でも、中南米と言えば、あまり治安の良くないイメージがある。まわりの国々では内戦が絶えない。非武装中立で国民の生命を守ることができるの??
コスタリカの平和のヒミツ。私が思うに、それは「理想の力」だ。理想を掲げ、それを現実にすること。それこそがコスタリカ最強の防衛手段なのだ。
では、「理想」とは具体的に何か?
まず一つ目はやっぱり、軍隊を持っていないこと。軍隊を持っていないんだから、「大量破壊兵器」なんて持ってはいない。他の国から危険と思われることがないわけだ。
二つ目は、民主主義と人権を徹底的に尊重すること。それらは教育現場でしっかりと教えられる。
『民主主義的じゃない社会は平和でないということは当たり前。だって、自分の意見をちゃんと言えないってことは、圧力があるってことでしょ? それは人権侵害でもあるじゃない。それから、環境が悪いと社会も悪くなるでしょ? だいいち、環境破壊は資源破壊でもあるから、自然の破壊が進むと少ない資源をめぐって争いが起きるじゃない。だから、環境破壊もちゃんと考えなきゃね』
(岩波ブックレットNo.575『平和をつくる教育』より引用。)
この発言は、なんと十歳の少女のもの! また、対話を重視する教育そのものが、民主主義の実践にもなっている。必ずしも教師が結論めいたことを言うわけではない。生徒たちが、自分たちの体験を対話を通じて共有する過程で、自然に結論に達するのが一番だと考えられている。

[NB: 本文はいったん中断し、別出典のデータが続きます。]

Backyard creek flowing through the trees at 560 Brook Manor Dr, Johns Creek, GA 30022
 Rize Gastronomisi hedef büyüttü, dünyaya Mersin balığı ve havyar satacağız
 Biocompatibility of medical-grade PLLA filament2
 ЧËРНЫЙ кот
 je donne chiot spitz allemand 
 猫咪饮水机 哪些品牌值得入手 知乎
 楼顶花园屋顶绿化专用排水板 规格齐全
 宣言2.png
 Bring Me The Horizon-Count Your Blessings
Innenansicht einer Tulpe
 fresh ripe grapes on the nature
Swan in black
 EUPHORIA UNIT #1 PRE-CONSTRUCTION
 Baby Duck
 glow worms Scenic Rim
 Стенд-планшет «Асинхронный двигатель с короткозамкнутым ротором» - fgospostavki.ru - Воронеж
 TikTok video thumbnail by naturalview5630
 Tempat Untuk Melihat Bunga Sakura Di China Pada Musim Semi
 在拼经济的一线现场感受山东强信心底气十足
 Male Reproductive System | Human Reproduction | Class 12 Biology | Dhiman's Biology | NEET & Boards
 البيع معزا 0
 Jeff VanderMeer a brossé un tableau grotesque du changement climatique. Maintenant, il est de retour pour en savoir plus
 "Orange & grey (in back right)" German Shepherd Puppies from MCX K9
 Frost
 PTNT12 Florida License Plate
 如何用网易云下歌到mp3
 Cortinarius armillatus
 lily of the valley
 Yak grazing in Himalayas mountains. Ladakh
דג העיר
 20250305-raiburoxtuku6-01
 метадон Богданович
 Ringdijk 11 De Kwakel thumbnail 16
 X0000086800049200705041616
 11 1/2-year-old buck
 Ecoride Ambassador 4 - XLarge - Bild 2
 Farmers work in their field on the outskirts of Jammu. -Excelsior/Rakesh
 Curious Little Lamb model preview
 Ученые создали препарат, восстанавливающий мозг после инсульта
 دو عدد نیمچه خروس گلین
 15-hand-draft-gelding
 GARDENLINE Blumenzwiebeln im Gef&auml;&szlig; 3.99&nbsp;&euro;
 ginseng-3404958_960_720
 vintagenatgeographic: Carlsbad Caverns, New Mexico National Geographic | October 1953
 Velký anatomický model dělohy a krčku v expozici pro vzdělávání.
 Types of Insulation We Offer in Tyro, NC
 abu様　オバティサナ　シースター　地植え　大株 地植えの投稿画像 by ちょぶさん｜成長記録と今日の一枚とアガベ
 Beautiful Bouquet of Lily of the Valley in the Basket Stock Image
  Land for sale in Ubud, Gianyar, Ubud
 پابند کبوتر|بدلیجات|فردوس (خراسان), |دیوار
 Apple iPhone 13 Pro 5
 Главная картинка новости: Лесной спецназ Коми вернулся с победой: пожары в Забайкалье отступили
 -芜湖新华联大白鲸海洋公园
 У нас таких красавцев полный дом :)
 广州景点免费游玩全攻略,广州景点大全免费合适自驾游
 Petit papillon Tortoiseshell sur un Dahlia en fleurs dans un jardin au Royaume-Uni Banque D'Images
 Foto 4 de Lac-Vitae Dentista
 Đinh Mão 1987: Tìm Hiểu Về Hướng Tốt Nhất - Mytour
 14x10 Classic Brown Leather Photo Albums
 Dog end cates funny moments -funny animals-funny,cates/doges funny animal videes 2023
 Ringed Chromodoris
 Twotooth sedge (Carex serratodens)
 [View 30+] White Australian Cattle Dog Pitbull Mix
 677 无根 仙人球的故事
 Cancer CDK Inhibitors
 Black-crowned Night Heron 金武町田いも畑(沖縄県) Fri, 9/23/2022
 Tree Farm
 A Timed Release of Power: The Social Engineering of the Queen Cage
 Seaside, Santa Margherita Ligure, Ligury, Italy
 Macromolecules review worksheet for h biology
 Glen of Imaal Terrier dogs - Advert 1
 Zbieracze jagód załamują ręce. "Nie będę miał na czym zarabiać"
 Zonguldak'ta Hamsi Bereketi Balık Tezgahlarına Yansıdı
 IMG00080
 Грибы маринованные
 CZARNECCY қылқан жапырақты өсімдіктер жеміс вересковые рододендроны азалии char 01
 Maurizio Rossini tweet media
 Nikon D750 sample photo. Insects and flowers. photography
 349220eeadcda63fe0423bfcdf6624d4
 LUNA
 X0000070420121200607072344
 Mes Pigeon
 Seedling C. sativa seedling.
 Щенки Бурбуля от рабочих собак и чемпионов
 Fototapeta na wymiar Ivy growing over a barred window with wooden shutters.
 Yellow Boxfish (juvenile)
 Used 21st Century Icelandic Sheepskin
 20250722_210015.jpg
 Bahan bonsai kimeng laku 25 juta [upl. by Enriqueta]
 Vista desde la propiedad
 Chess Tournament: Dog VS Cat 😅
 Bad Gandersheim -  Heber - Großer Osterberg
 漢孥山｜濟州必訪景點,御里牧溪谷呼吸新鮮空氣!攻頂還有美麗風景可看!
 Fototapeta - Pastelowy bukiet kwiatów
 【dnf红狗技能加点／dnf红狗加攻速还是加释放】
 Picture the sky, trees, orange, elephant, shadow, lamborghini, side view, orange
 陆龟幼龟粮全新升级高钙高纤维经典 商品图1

もちろん「独裁者」が現れることがないよう、選挙に関して、憲法でいろいろと工夫されている。たとえば、最高選挙裁判所によって仕切られる選挙は、第四の権力と言われるほど、三権から独立して行なわれる。また、大統領の三選禁止(一期四年)、議員は連続して選出されない、などなど。大統領選は、子どもたちと一緒に、国を挙げてのお祭騒ぎになる。
三つ目は、積極的な外交政策。決して自国さえ良ければいいってわけではない。内戦を続けてきた中米各国に停戦を呼びかけたり、また、憲法三十一条では、「政治的理由で迫害を受けているすべての人の避難所である」とも謳っている。こうした平和外交を積極的にすすめる国を、いったいどこの国が攻めてくると言うのか? もし仮に攻められたとしても、国際世論がコスタリカを見捨てるわけがない。
以上、簡単にコスタリカを紹介してみたが、もちろん政治的問題がないわけではないし、タテマエ的な面がないわけではない。
しかし、子どもたちが平和や民主主義を語ったり、政治を楽しめるというのは、すばらしいと思う。子どもにも理解できる政治、筋が通っていると感じられる政治を日本で実現させるのは無理なのだろうか…。